Evaluation¶

Evaluation is built-in into FLoX and can be enabled by passing a ‘.csv’ filename path to the Controller:

flox_controller = TensorflowController(
    ...
    csv_filename="evaluation_data.csv",
    evaluate_individual_models=True
    ...
)

If evaluate_individual_models is True, FLoX will also get the loss and accuracy of every individual model what was trained on endpoints (note: currently individual model evaluation is only available for Tensorflow models. Support for PyTorch will be added too, and PRs implementing that are welcome).

Important Definitions:¶

“Endpoint” - borrowing from funcx,

an endpoint is a persistent service launched by the user on a compute system to serve as a conduit for executing functions on that computer. You can have multiple endpoints on the same physical device.

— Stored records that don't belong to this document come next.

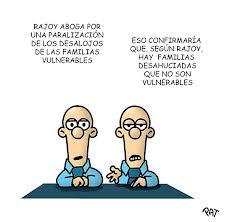 Los suicidios por desahucios: ¿Se silenciaban para no dar ejemplo, para no estigmatizar o para no recordarnos la estafa de este sistema y de sus responsables?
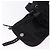 Mochila PRADA Nylon Black Silver Auth 204626V Preto Prata - vista 9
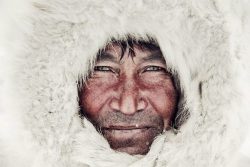 Nenets tribe Siberia – Yamal  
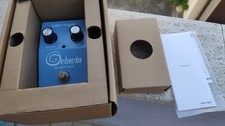 Behringer Octavia - Octave Fuzz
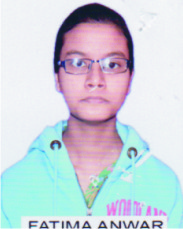 FATIMA ANWAR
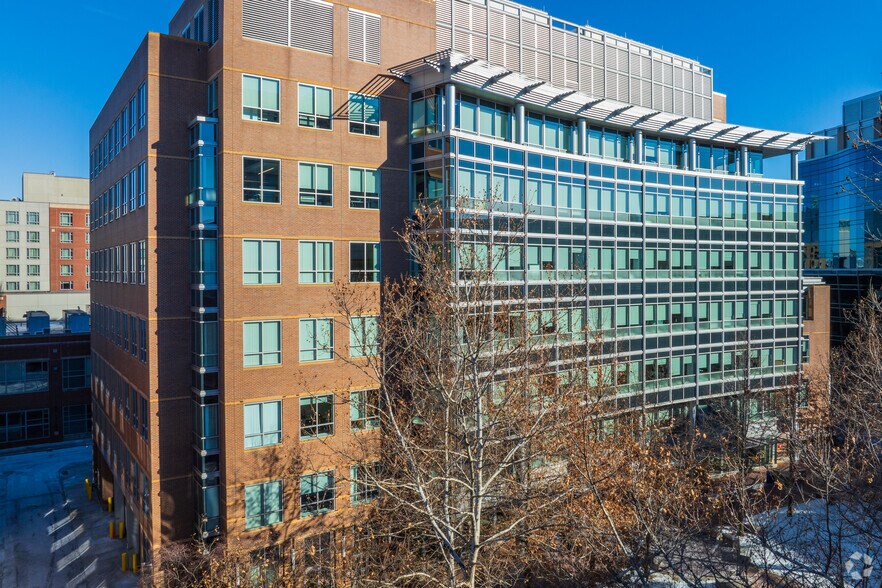 More Photos Of 35 Landsdowne St, Cambridge Office For Lease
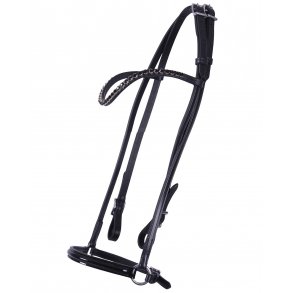 QHP Icelandic Chique trense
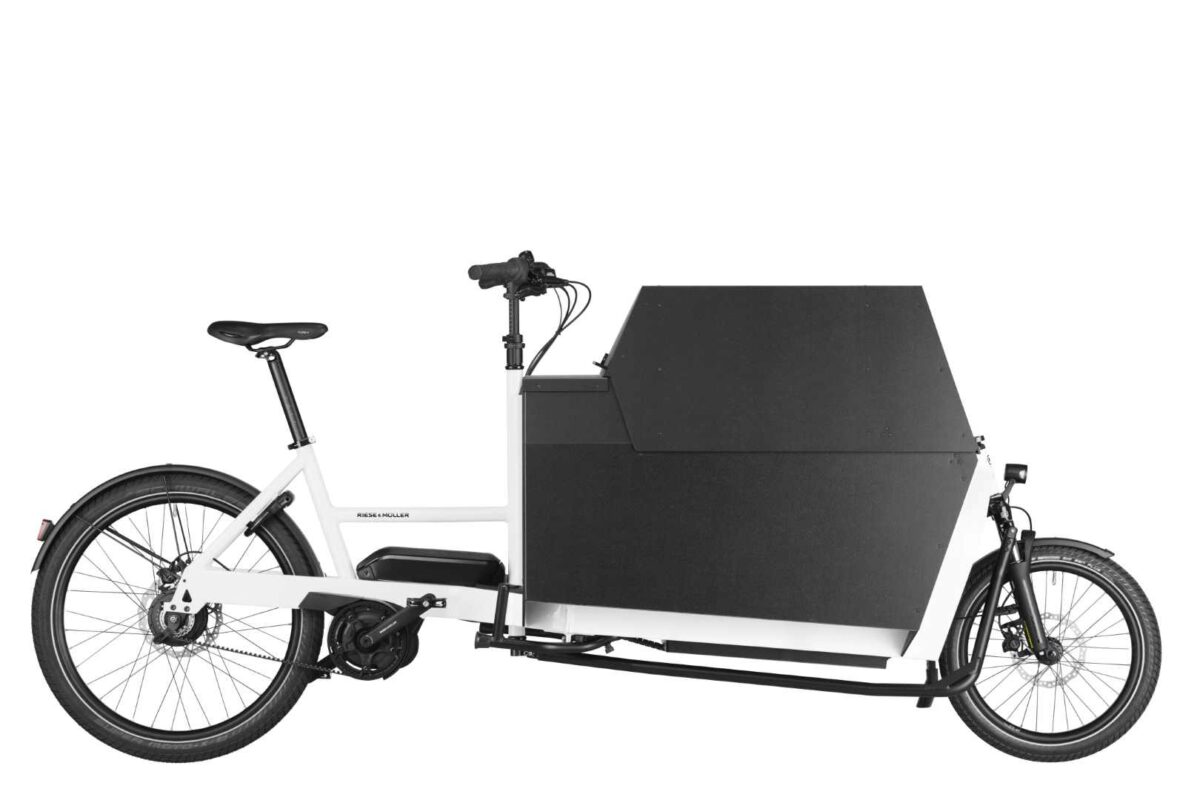 Transporter2 85 Vario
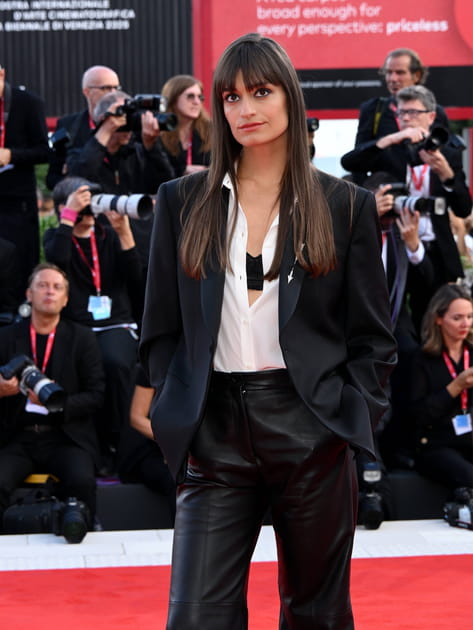 Clara Luciani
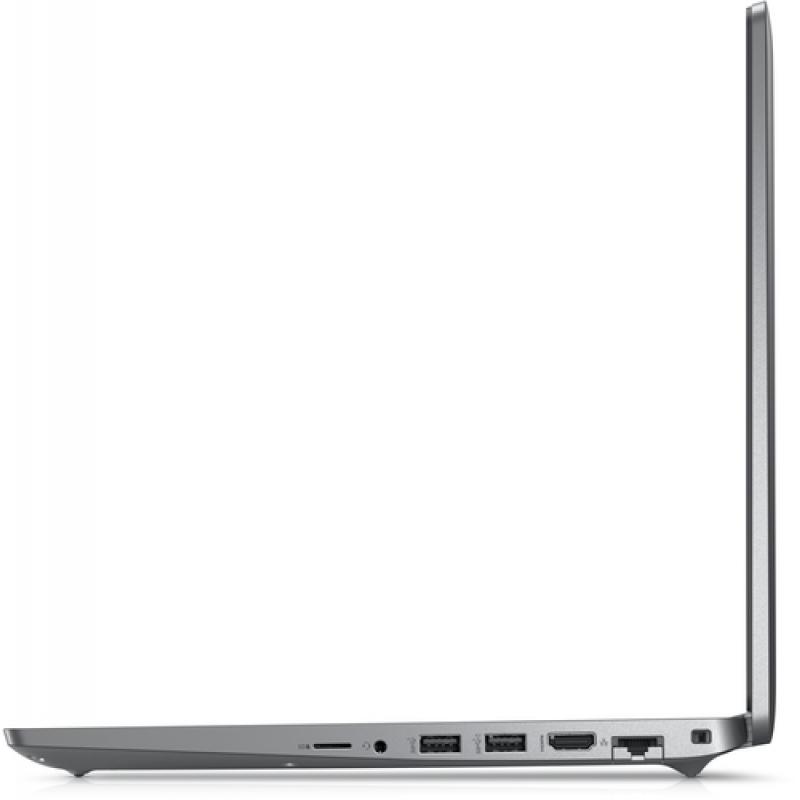 DELL Precision 3570 i5-1235U Estación de trabajo móvil 39,6 cm (15.6") Full HD Intel® Core™ i5 16 GB DDR5-SDRAM 512 GB SSD NVIDI
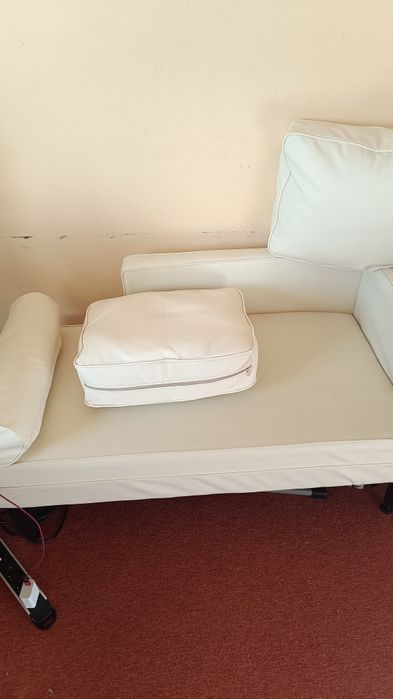 Fotoliu 2 persoane, canapea 2 locuri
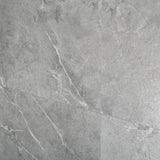 Ivy Hill Tile Duren 28mil Marbello Gray 18 in. x 36 in. Glue Down Luxury Vinyl Tile Flooring (36 sq. ft.)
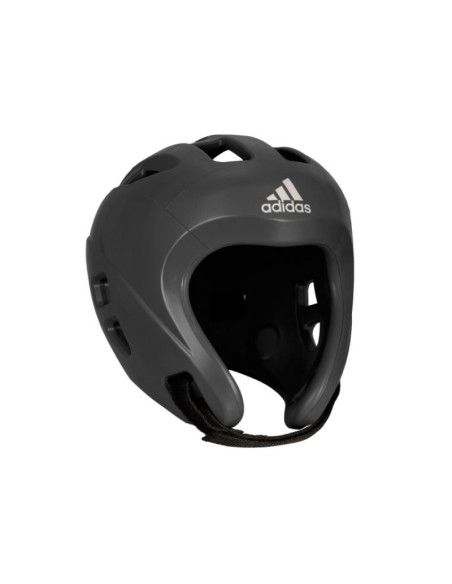 Kask bokserski adidas wako  (wako approved)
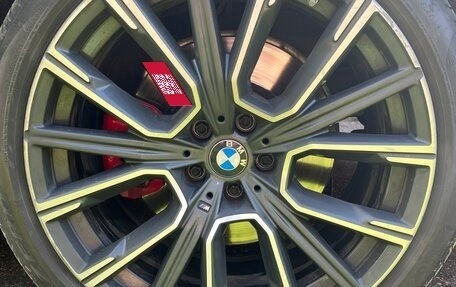 BMW 6 серия, 2020 год, 6 100 000 рублей, 16 фотография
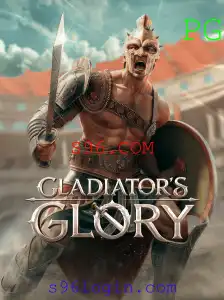Descubra GladiatorsGlory: Um Jogo de Estratégia Épico no S96.COM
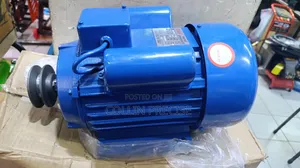 3.0 HP Astramilano Single Phase Copper Motor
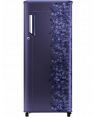 Whirlpool 260 Ice Magic PRM 5S Sapphire Exotica Direct Cool Single Door Refrigerator 245 L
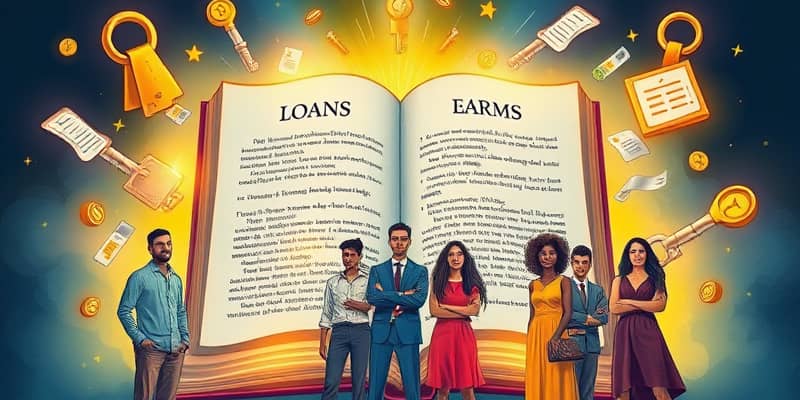 Demystifying Loan Jargon: A Glossary for Borrowers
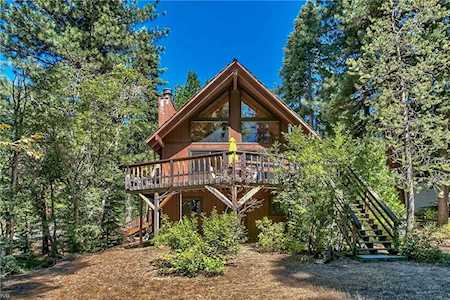 304 Second Creek Dr Incline Village, NV 89451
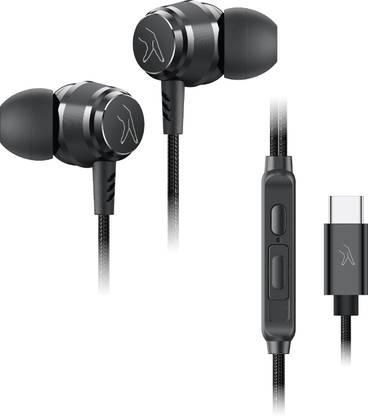 FINGERS SoundBounce-C Type-C Wired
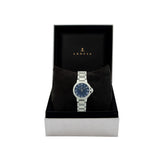 Lencia Stainless Steel Men Analog Watch - LC7374A - image 6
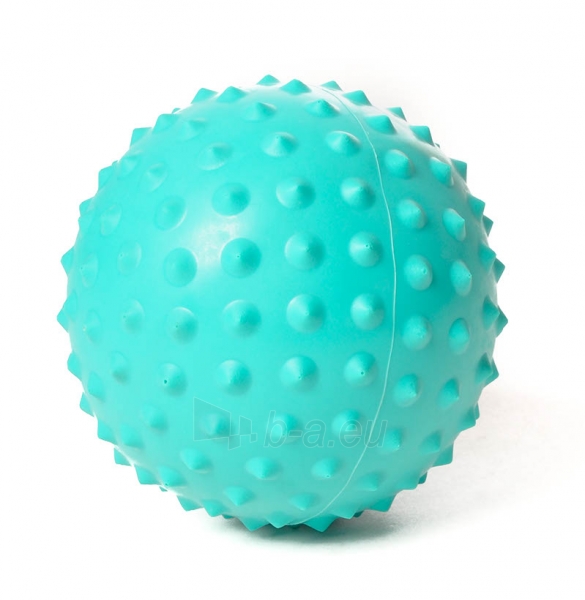 Masažinis kamuoliukas Original Pezzi® Activa Medium 13-16cm žalias paveikslėlis 1 iš 2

“Task” - task is an instance of a function invocation and its result. FLoX packages the

FL loop into a function that is then invoked on each provided endpoint. If you want to make use of multiple cores on your devices, FLoX can spin off multiple tasks on the same endpoint at the same time, using threading and multiprocessing.

“Round” - round is a single iteration of the Federated Learning loop consisting of model broadcasting,

model training, aggregation of weights, and evaluation (optional).

“Experiment” - experiment consists of one or multiple rounds of Federated Learning.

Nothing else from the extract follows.